Frequently Asked Questions (FAQ)
Q1: How long does Banksy analysis take?
A: The analysis time depends on the data scale and computing resource configuration. Generally speaking:
- Small datasets (1,000-5,000 cells): 10-30 minutes
- Medium datasets (5,000-20,000 cells): 30 minutes-2 hours
- Large datasets (>20,000 cells): 2-8 hours or longer
Q2: How to select the λ parameter?
A: The λ parameter controls the importance of spatial information:
- λ = 0: Only use expression features, equivalent to traditional clustering
- λ = 0.2: Recommended starting value, balancing expression and spatial information
- λ = 0.5-1.0: More emphasis on spatial information, suitable for data with obvious spatial structure
- λ > 1.0: Overemphasis on spatial information, may lead to oversmoothing
Q3: How to select an appropriate clustering algorithm?
A: Different clustering algorithms are suitable for different scenarios:
- Leiden: Recommended as the first choice, suitable for most data
- Louvain: Similar to Leiden, but calculation speed may be faster
- K-means: Suitable for cases where the number of clusters is known
- Mclust: Suitable for complex data distributions
Q4: How to verify the reliability of Banksy analysis results?
A: The reliability of results can be verified through the following methods:
- Biological Verification: Combine known tissue structures and functional regions to verify clustering results
- Parameter Sensitivity: Test the stability of different parameter combinations
- Cross-Validation: Use different clustering algorithms to verify result consistency
- Functional Enrichment: Perform functional enrichment analysis on each cluster to verify biological significance
Q5: Which spatial transcriptomics technologies is Banksy suitable for?
A: Banksy is suitable for multiple spatial transcriptomics technologies:
- 10x Visium: Recommended λ = 0.2-0.5
- Slide-seq: Recommended λ = 0.1-0.3
- MERFISH: Recommended λ = 0.3-0.6
- CosMX: Recommended λ = 0.2-0.4
- SeekSpace: Recommended λ = 0.6-0.8
- Other Technologies: Adjust λ parameters according to spatial resolution
Q6: How to select an appropriate λ parameter?
A: The selection of λ parameter needs to consider the following factors:
- Spatial Resolution: High-resolution data can use smaller λ values
- Tissue Type: Tissues with complex structures can use larger λ values
- Analysis Objective: If more attention is paid to spatial continuity, use larger λ values
- Suggested Strategy: Start from 0.2 and gradually increase to 1.0, selecting the result with the most reasonable biological significance
Q7: What to do if clustering results are not ideal?
A: You can try the following optimization strategies:
- Adjust λ Parameter: Try different λ value combinations
- Adjust Resolution: Try different resolution parameters
- Change Clustering Algorithm: Try different algorithms such as Leiden, Louvain, K-means, etc.
- Check Data Quality: Ensure spatial coordinate information is accurate and complete
- Preprocessing Optimization: Check if data preprocessing steps are appropriate
References
Chung, J., et al.
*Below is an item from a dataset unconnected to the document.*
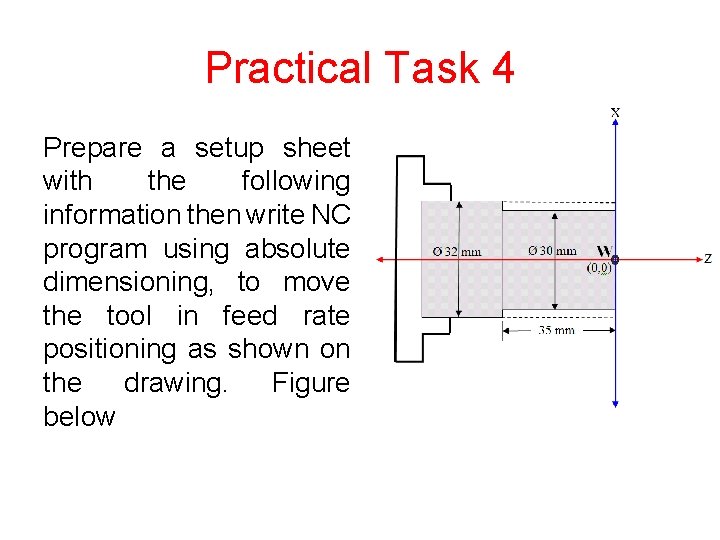 Practical Task 4 Prepare a setup sheet with the following information then write NC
Banksy: spatial clustering with spatial omics data. Nature Genetics 56, 74–84 (2024). doi: 10.1038/s41588-024-01664-3.
Chung, J., et al. Spatial transcriptomics: technologies, applications and experimental considerations. Genomics 113, 1-15 (2021). doi: 10.1016/j.ygeno.2020.12.005.
Moses, L. & Pachter, L. Museum of spatial transcriptomics. Nature Methods 19, 534–546 (2022). doi: 10.1038/s41592-022-01409-2.